● Work to complete: Copying starts at the line containing "Used 2025 Buick Encore GX Preferred image 32" and stops after the last line of the records; each line is repeated exactly, and pictures are skipped.

[[ Study material, beginning ]]

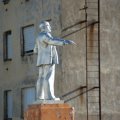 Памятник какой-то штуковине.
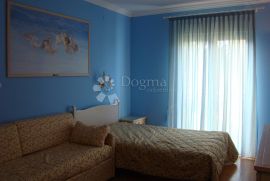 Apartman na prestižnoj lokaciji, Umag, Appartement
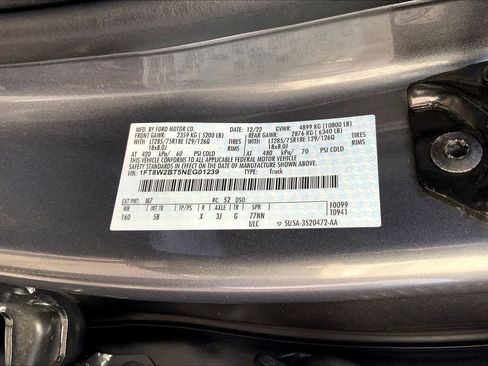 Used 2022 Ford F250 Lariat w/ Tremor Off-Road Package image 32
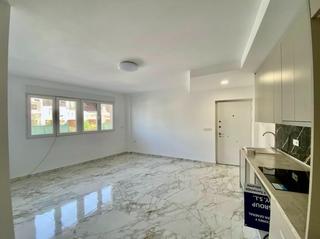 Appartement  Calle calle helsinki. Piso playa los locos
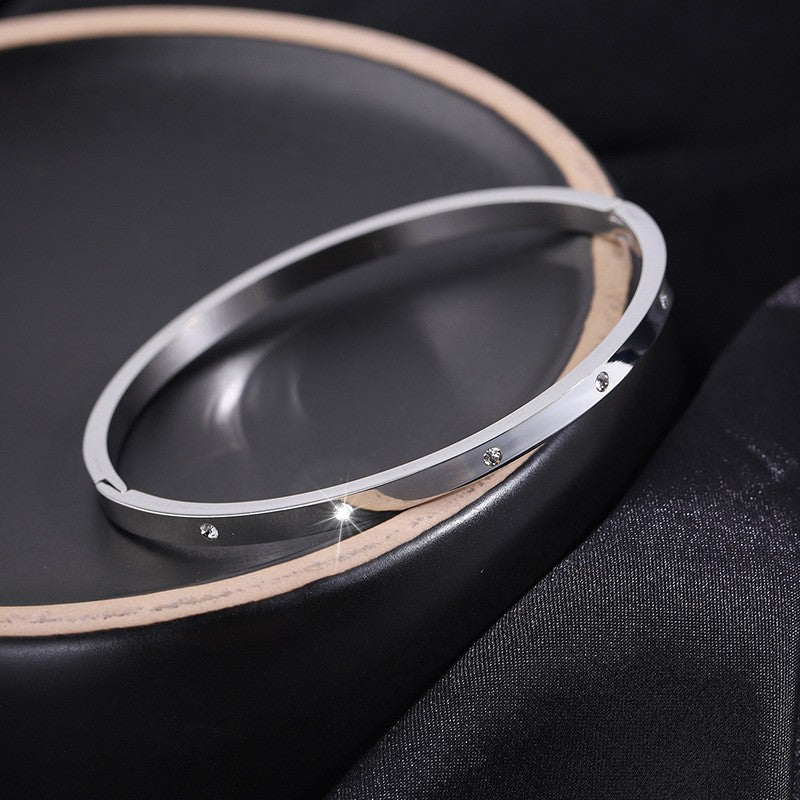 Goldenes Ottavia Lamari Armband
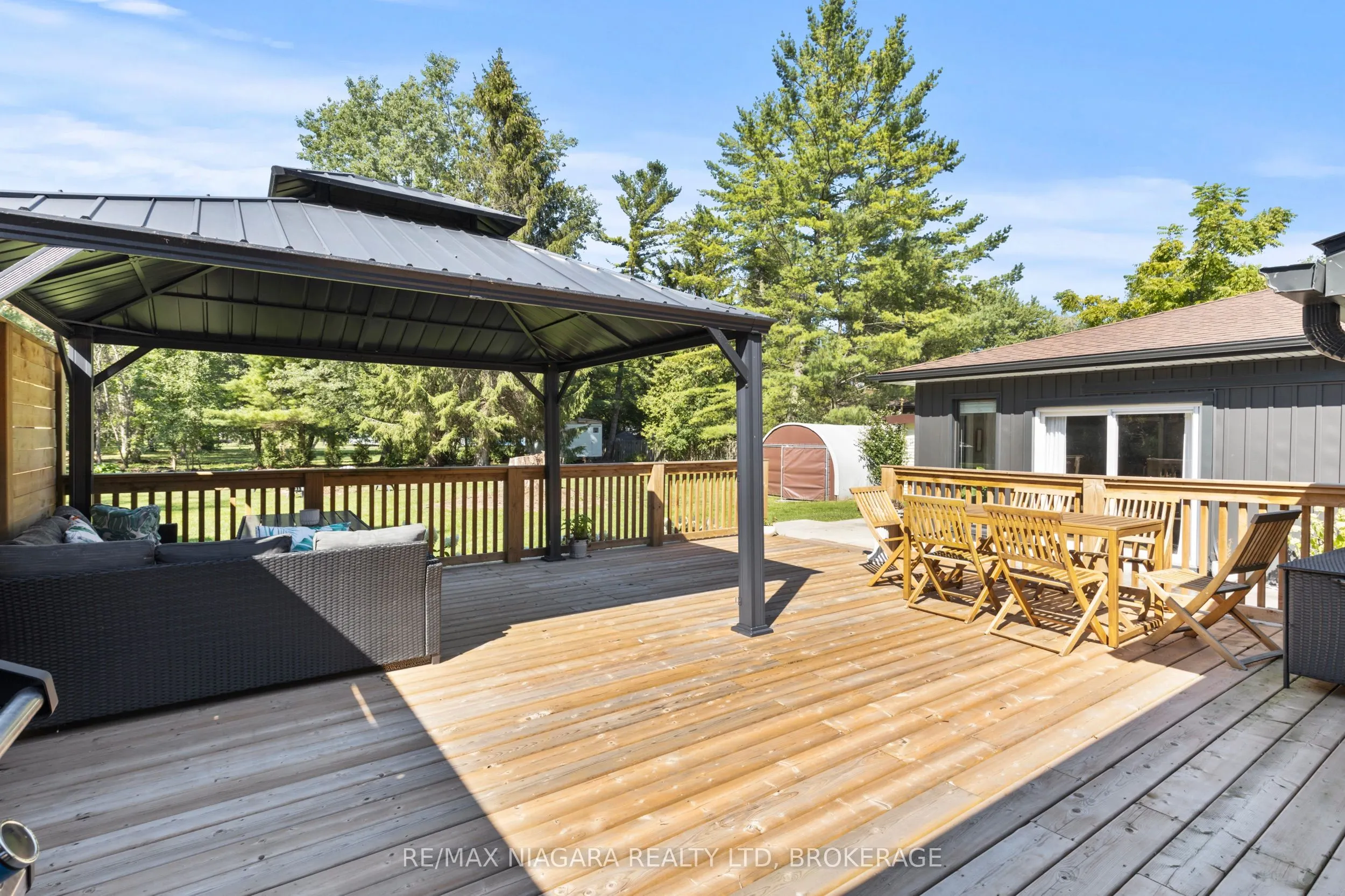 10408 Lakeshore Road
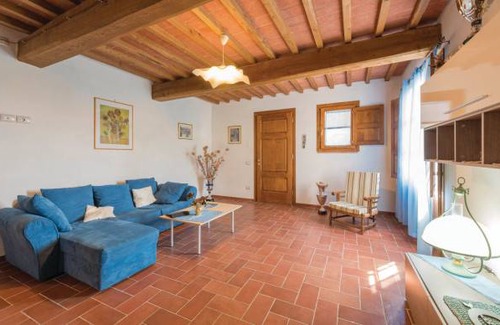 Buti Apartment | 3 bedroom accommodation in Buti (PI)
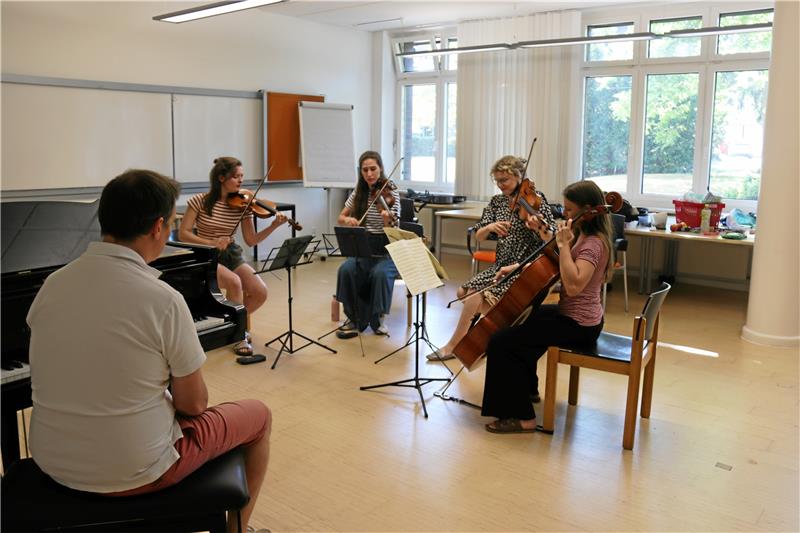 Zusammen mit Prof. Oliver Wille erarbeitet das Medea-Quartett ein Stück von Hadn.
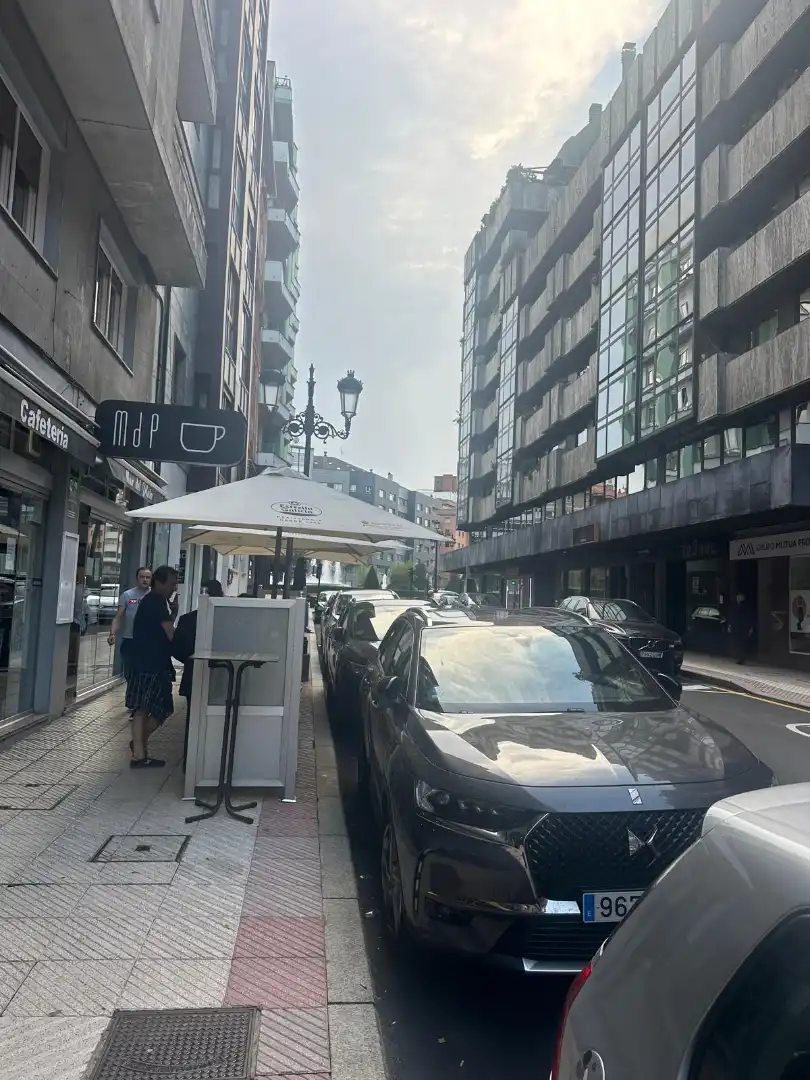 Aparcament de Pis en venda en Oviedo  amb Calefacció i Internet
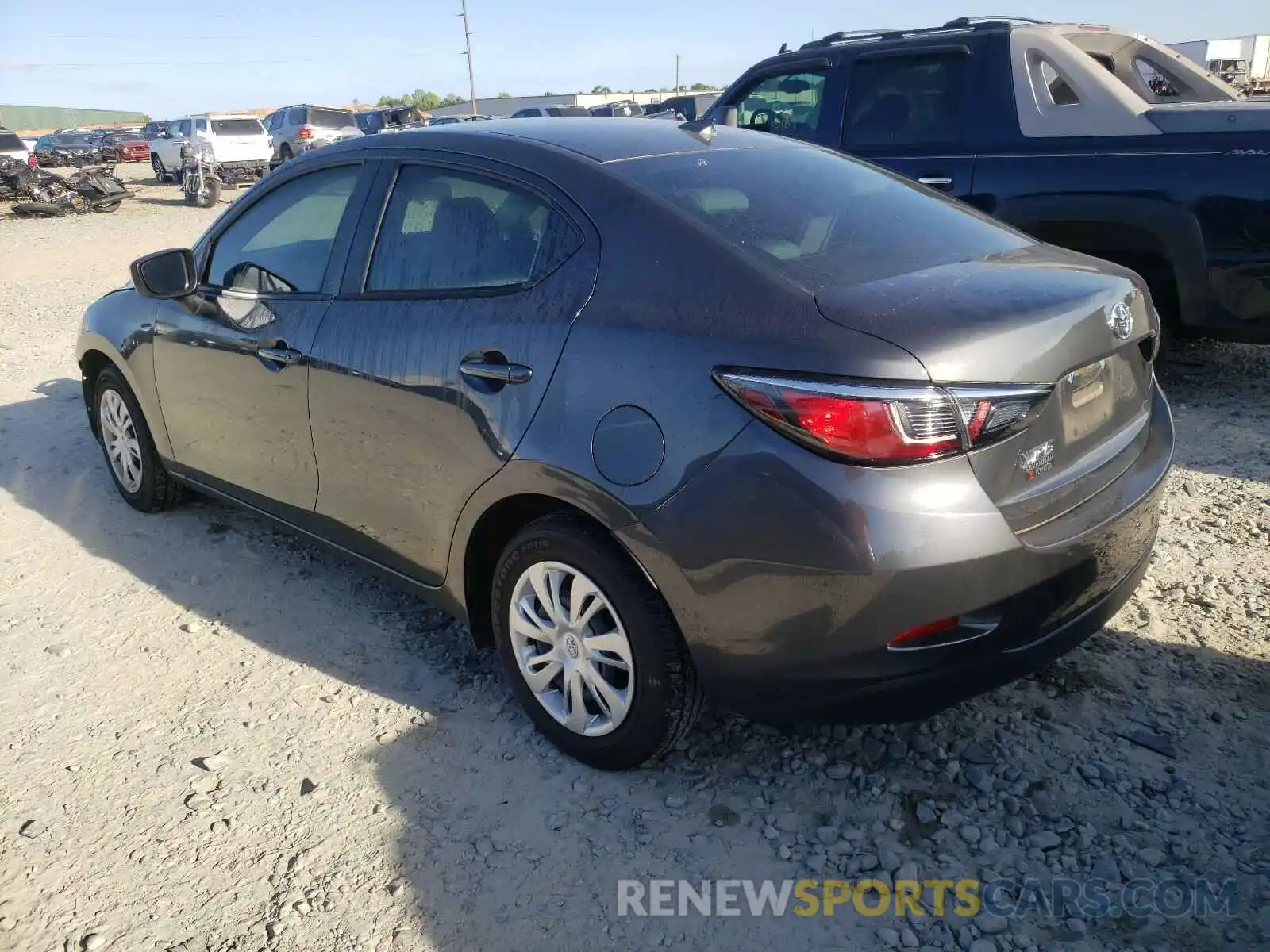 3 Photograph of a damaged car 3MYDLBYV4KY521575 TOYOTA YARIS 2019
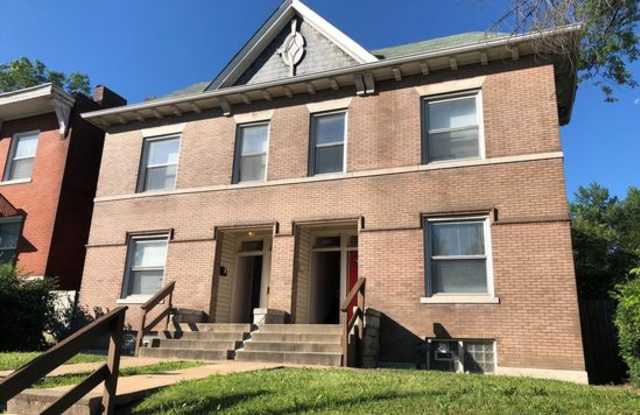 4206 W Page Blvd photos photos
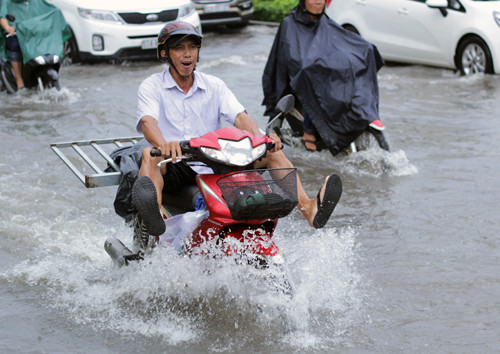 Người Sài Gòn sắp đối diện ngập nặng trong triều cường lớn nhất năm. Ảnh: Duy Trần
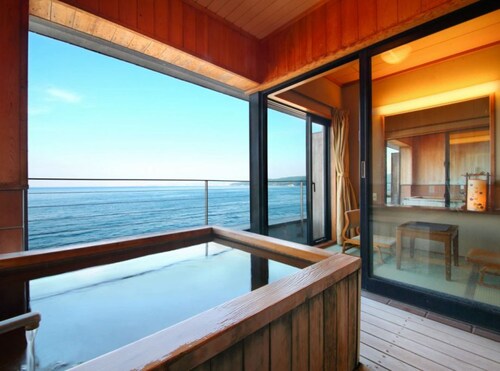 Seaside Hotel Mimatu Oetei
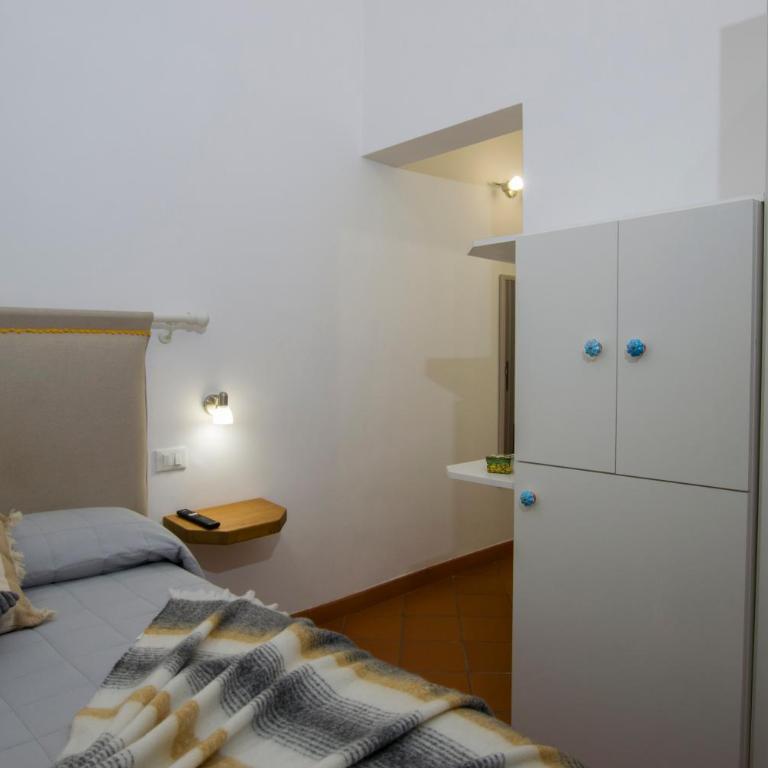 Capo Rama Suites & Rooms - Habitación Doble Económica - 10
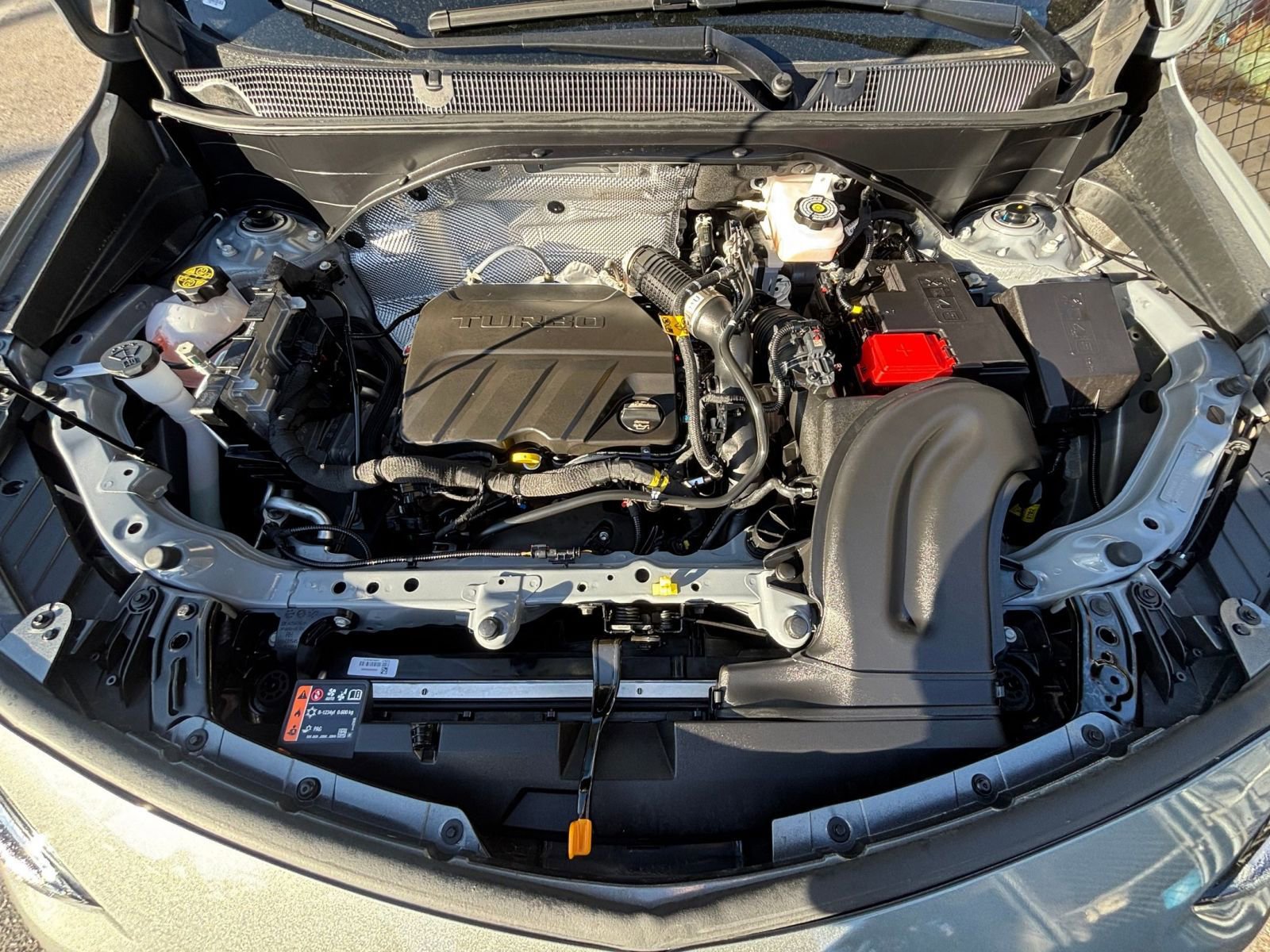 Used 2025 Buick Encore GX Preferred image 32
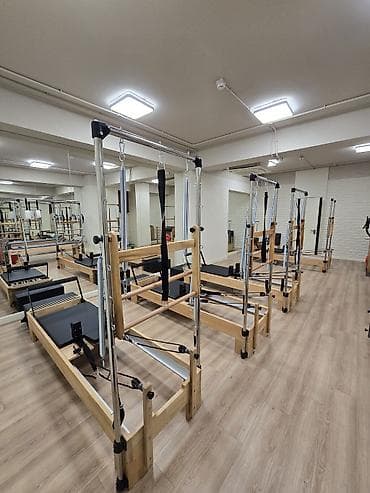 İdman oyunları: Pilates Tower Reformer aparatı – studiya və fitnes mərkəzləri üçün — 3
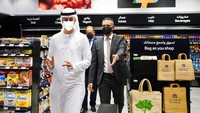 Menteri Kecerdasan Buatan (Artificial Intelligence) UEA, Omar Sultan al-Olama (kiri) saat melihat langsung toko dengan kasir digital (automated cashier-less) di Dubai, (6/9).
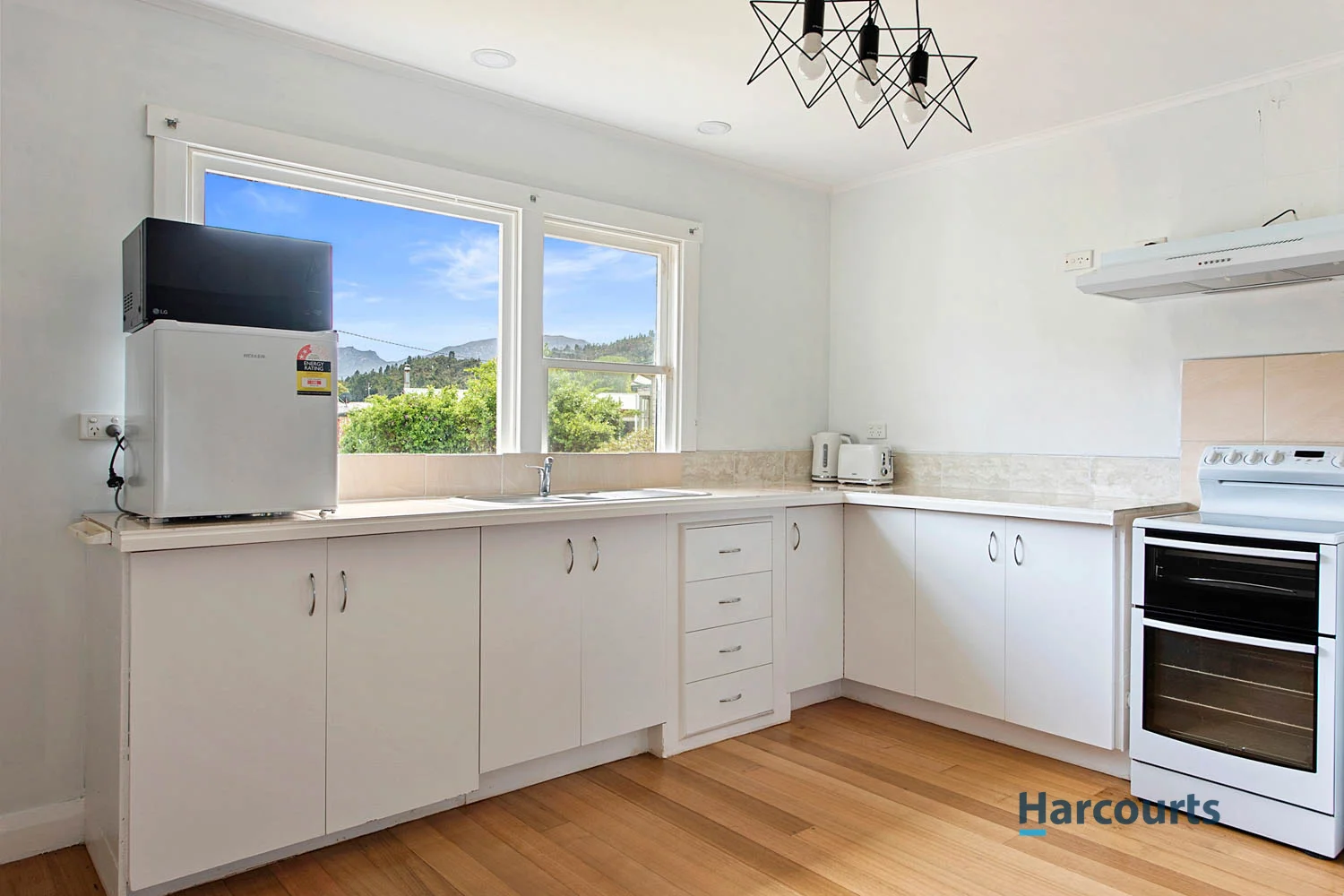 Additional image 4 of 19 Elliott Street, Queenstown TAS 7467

[[ Study material, end ]]

● Exercise result:
 Used 2025 Buick Encore GX Preferred image 32
 İdman oyunları: Pilates Tower Reformer aparatı – studiya və fitnes mərkəzləri üçün — 3
 Menteri Kecerdasan Buatan (Artificial Intelligence) UEA, Omar Sultan al-Olama (kiri) saat melihat langsung toko dengan kasir digital (automated cashier-less) di Dubai, (6/9).
 Additional image 4 of 19 Elliott Street, Queenstown TAS 7467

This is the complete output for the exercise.